En laten we hierover thans F. Engels zelf aan het woord in de voorrede tot de uitgave van 1890:
“En toch toen het verscheen hadden wij het niet een socialist manifest mogen noemen. Onder socialisten verstond men in 1847 tweeërlei soort van mensen. Aan de ene kant de aanhangers der verschillende utopische stelsels, in het bijzonder de owenisten in Engeland en de fourieristen in Frankrijk, die beiden toen reeds tot niet meer dan sekten, langzaam uitstervend, waren verschrompeld. Aan de andere kant de veelsoortige sociale kwakzalvers, die met hun verschillende geneesmiddelen voor alle kwalen en allerhande lapwerk de maatschappelijke mistoestanden wilden opheffen zonder het kapitaal en de winstmakerij zelfs maar aan te raken. In beide gevallen: mensen die buiten de arbeidersbeweging stonden en veeleer steun zochten bij de beschaafde klassen.”

V. De conclusies


Niet alleen in de terminologie is het Manifest in veel opzichten verouderd, ook de strijdmethodes zijn mede geëvolueerd met de bestendig veranderende maatschappij. In 1848 kenden wij geen sociale wetgeving, geen vakorganisaties, geen coöperaties, noch het algemeen kiesrecht. Doch het Manifest enkel tot een historisch document doodverven ware onzinnig, want Kautsky schrijft het dan ook zeer raak:
“De grondstellingen die het ontwikkelt, de methode waarvan het ons een voorbeeld geeft, de karakterisering van de tegenwoordige productiewijze welke het in korte trekken bevat, gelden thans meer dan ooit.”

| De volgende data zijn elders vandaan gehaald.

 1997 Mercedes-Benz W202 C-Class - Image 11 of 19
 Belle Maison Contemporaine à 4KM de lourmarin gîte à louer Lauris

Het is dan ook de taak van elke nieuwe socialistische generatie, deze leerstelling en die methode aan de werkelijkheid te toetsen. Als Marx tot een onsterfelijke figuur geworden is, dan zal dat wel zijn omdat hij reeds als negentienjarig student in de filosofie aan zijn vader zijn nieuw inzicht te kennen gaf, dat aldus luidt: “Ik ben er toe gekomen mijn gedachten in de werkelijkheid zelf te zoeken.” Zo kon hij “de werkelijkheid leren begrijpen en opgaan naar het ideaal.”

Dit leerde ons de jonge Marx en de rijpere Marx zou ons toeroepen dat “de bevrijding der arbeiders de taak der arbeiders zelf moet zijn.”